First of all, if Trump commits any of our armed forces to join Israel in their war against Iran, such an act would constitute an impeachable offense as a violation of Article I, Section 8, Clause 11 of the U.S. Constitution which grants Congress the sole power to declare war.
There is one point though that is worth conceding. If anyone knows how to plan an invasion, it's Donald Trump. He had proven this on January 6, 2021 when his MAGA fighters successfully smashed through the doors, windows and other barriers to invade the Capitol building. Victory though was not to be Trump's, as we know.
Which brings us to what's really behind Trump's sudden urge to join Israel in their war against Iran.
For the past 72 hours, the world has been laughing at Donald Trump's pathetic birthday fizzle to himself on Saturday. So who but "a stable genius", after consulting with his brain trust of "Little Marco" Rubio and Pete Hegseth (assuming he was sober at the time), could have come up with the brainstorm of threatening a nuclear war to take everyone's mind off of Trump's thorough humiliation of himself?
Bingo!
Donald Trump has repeatedly called for Iran’s “unconditional surrender” in recent speeches, including remarks at a June 12 rally in Ohio and during a June 17 Fox News interview. He seems to invoke the term with no grasp of its historical or military gravity—evoking World War II-era demands without recognizing the immense costs they entail. In context, he's framing this as strength, saying the U.S. should "take the oil" and end wars with a clear winner, as if he’s waging a personal real estate deal rather than contemplating a conflict with a regional power of 90 million people.
But demanding Iran’s unconditional surrender isn’t just belligerent bluster—it signals a goal that would require total regime collapse, mass military deployment, occupation, and likely a regional war. That’s not just fantasy; it’s delusion. Iran is not Iraq. It has proxy networks, missiles, a hardened military, and economic partners like China and Russia. Forcing surrender would mean bombing deep targets like Fordo and preparing for retaliation that could kill U.S. troops, spike oil prices, and destabilize every U.S. base in the region.
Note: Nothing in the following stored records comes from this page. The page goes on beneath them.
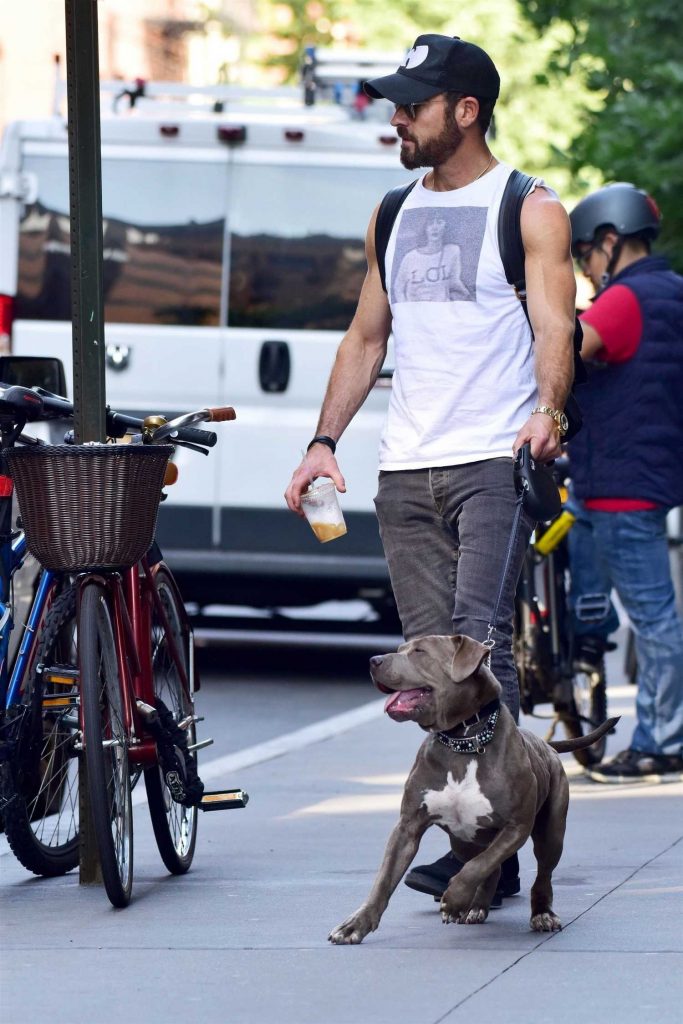 Justin Theroux Walks His Dog Out in New York-3
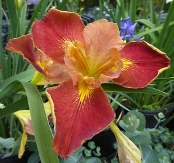 Fiesta Gal Louisiana Iris (Red, Yellow Signals, Midseason), Iris x 'Fiesta Gal'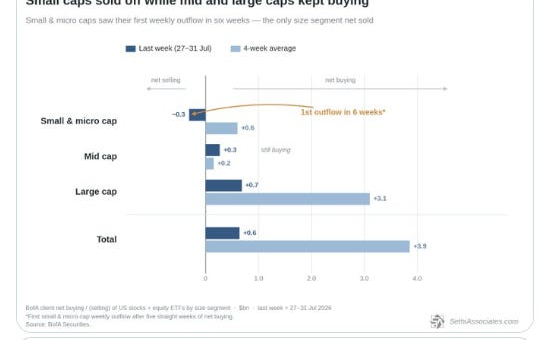 Small-cap and large-cap equity flows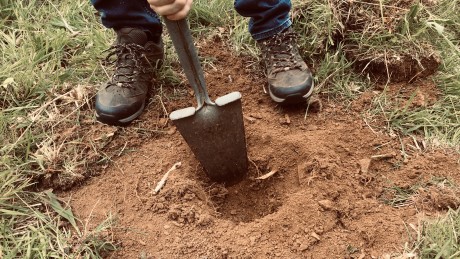 Digging spade in dry soil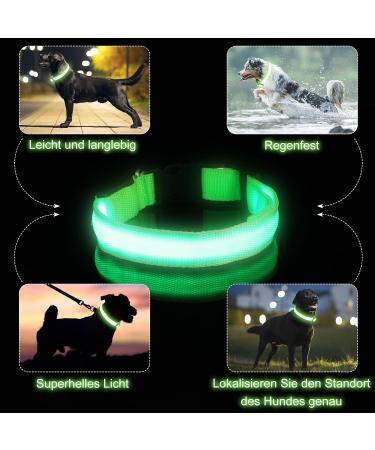 Jostift Luminous Elbe Rechargeable LED Dog Collar - Waterproof & Adjustable for Small/Medium Dogs - Super Bright with 3 Lighting Modes (Green) - Buy Online on SooperMarket.com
This isn't “peace through strength”—it’s escalation without exit. It's a script for oil shocks, global recession, and potentially tens of thousands of American and Iranian deaths. Trump talks as if wars can be wrapped up like lawsuits—strike a deal, declare victory, and move on. But history, strategy, and the limits of military power don’t work that way. The Iraq disaster was born from hubris and bad faith. Trump seems poised to repeat it, only louder, costlier, and with even less of a plan.